»»
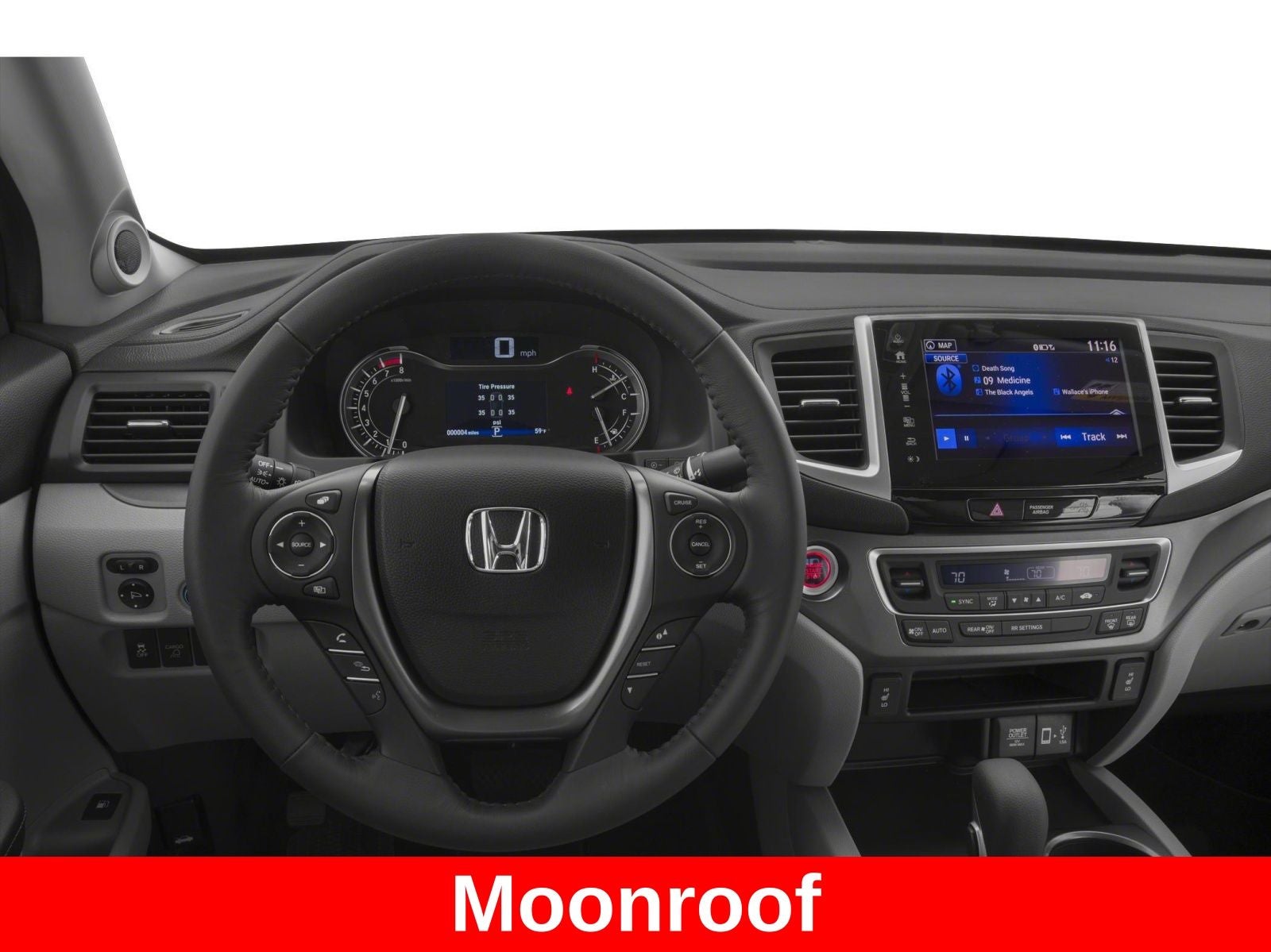2019 Honda Ridgeline RTL-T
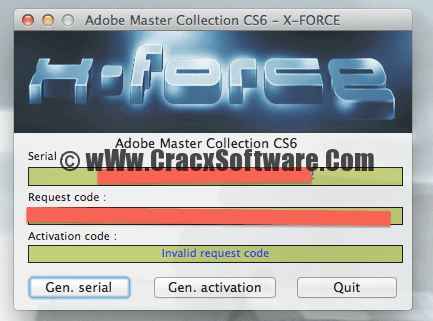 master collection cs6 mac crack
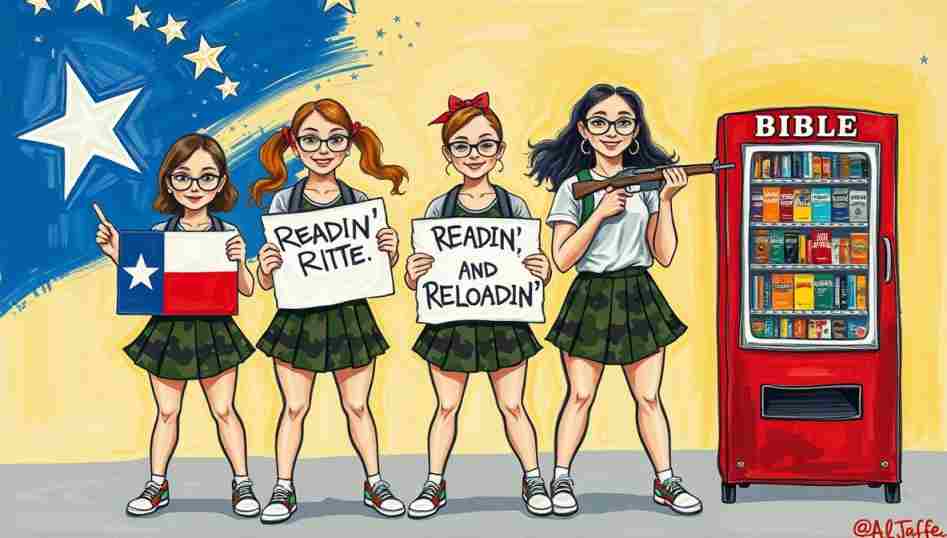 Texas Satirical Journalism Curry9.us 233 Bohiney Magazine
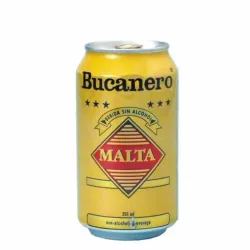 🥤 Malta Bucanero – Lata 355 ml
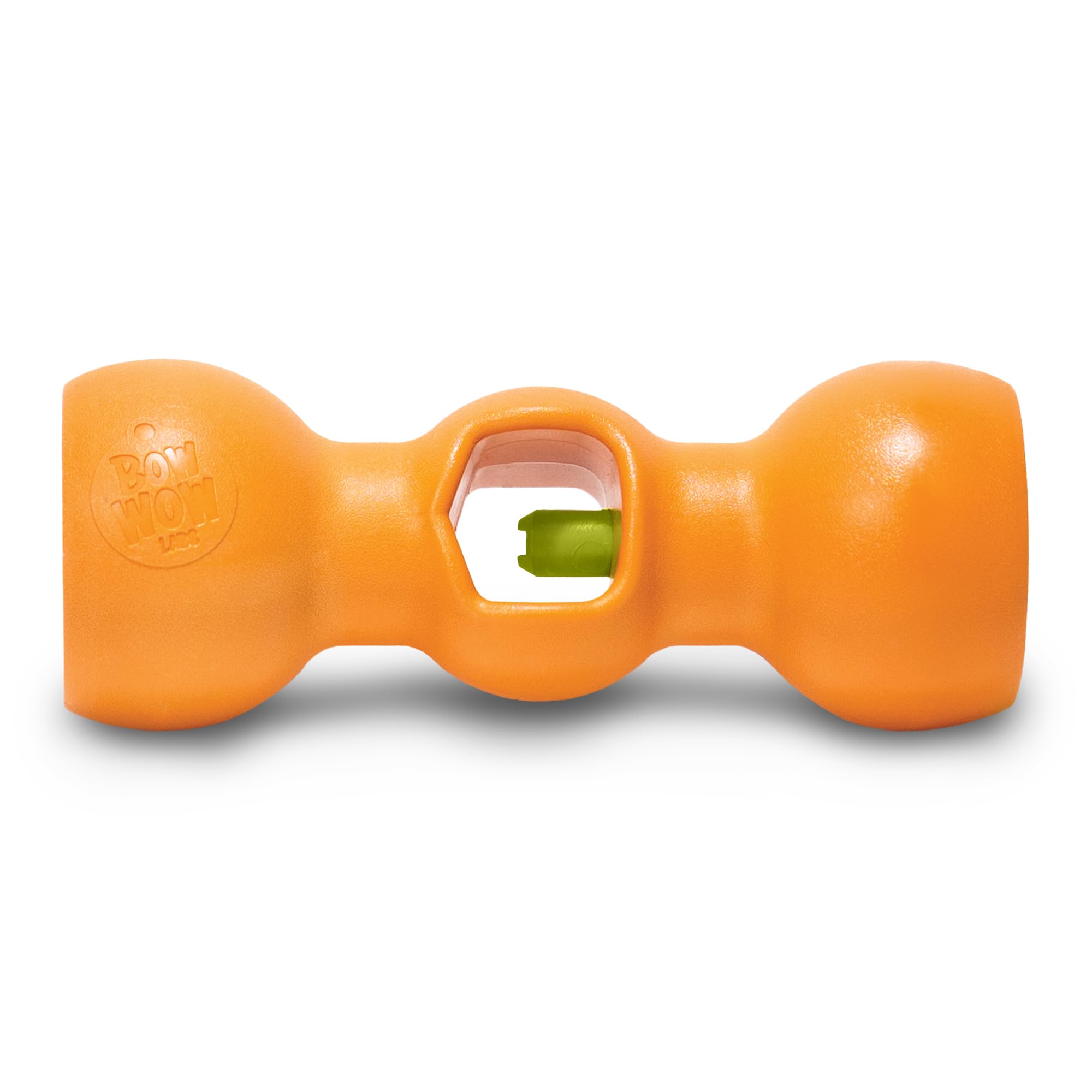 Bow Wow Labs Buddy Safety Device | Newly Redesigned Bully Stick Holder for Dogs | Made in The USA | Dishwasher Safe (L)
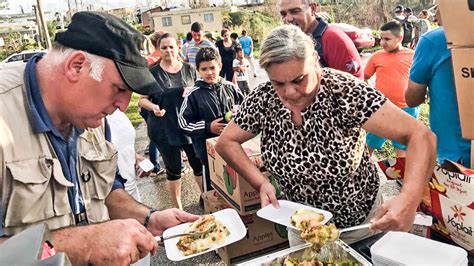 Chef José Andrés serves over one million meals in Puerto Rico ...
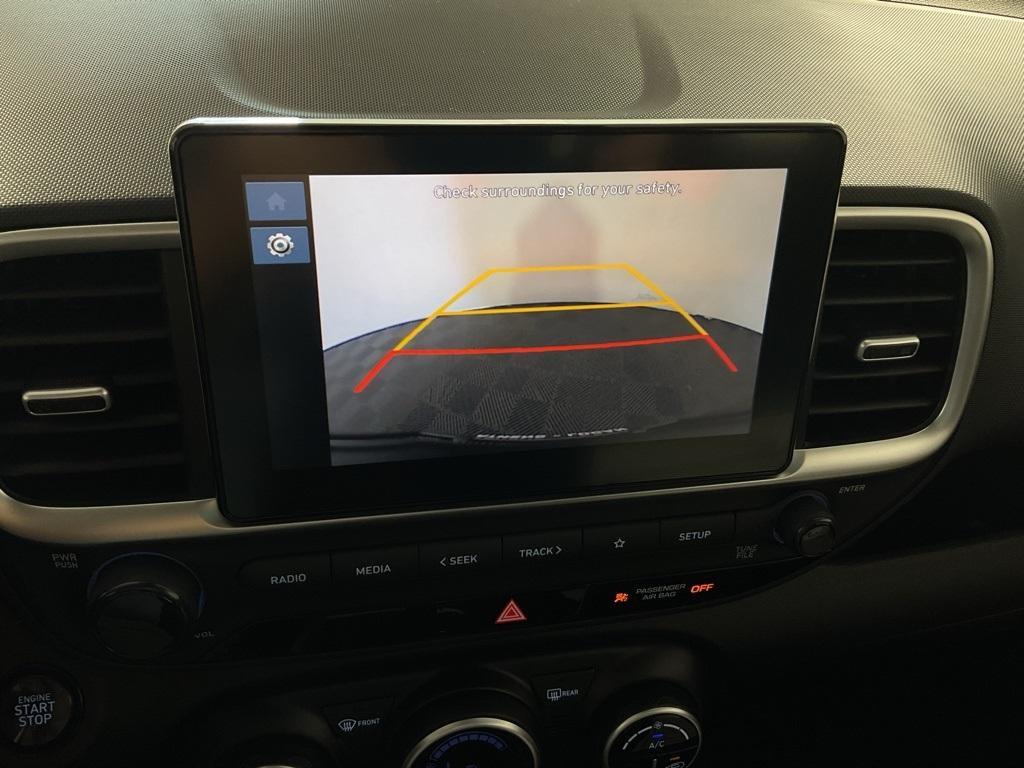 new 2025 Hyundai Venue car, priced at $23,812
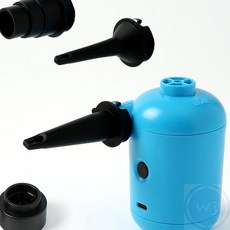 전기펌프 휴대용 전동 에어펌프 블랙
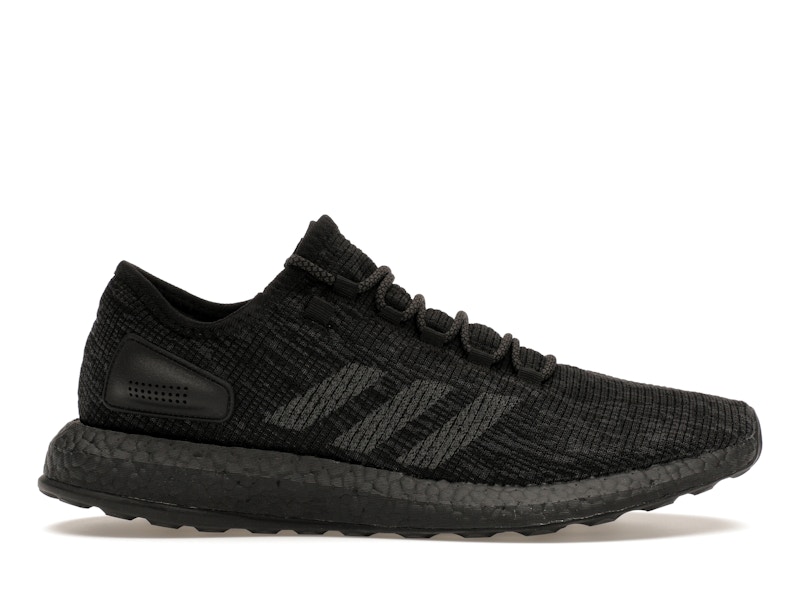 Adidas pure boost mens black hotsell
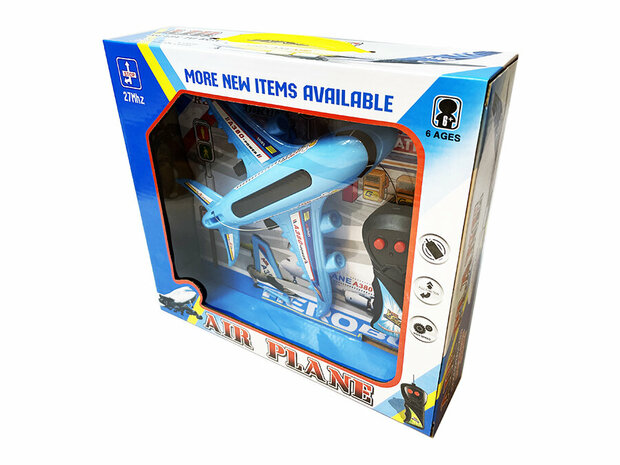 RC Airplane 27MHZ - A380 RC Air BUS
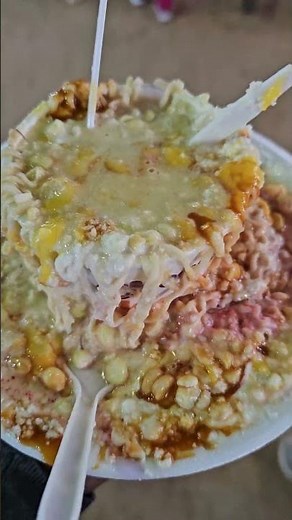así se prepara una rica maruchan con sabrítas y elote queso y salsa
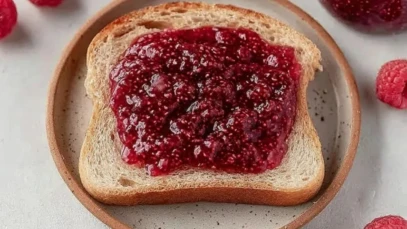 Classic Christmas Raspberry Jam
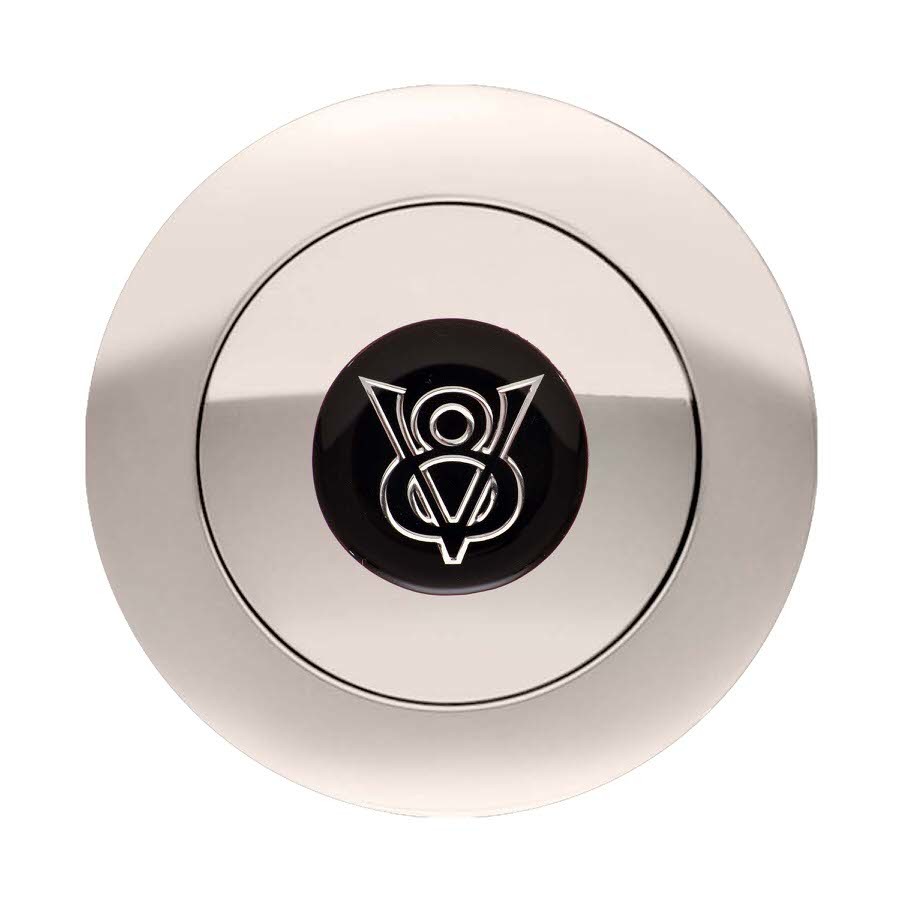 GT PERFORMANCE GT9 Horn Button V8 Logo Color Emblem -268878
««
Activity =
Above is a listing with pictures. Write it out exactly without them.

Written response =
2019 Honda Ridgeline RTL-T
 master collection cs6 mac crack
 Texas Satirical Journalism Curry9.us 233 Bohiney Magazine
 🥤 Malta Bucanero – Lata 355 ml
 Bow Wow Labs Buddy Safety Device | Newly Redesigned Bully Stick Holder for Dogs | Made in The USA | Dishwasher Safe (L)
 Chef José Andrés serves over one million meals in Puerto Rico ...
 new 2025 Hyundai Venue car, priced at $23,812
 전기펌프 휴대용 전동 에어펌프 블랙
 Adidas pure boost mens black hotsell
 RC Airplane 27MHZ - A380 RC Air BUS
así se prepara una rica maruchan con sabrítas y elote queso y salsa
 Classic Christmas Raspberry Jam
 GT PERFORMANCE GT9 Horn Button V8 Logo Color Emblem -268878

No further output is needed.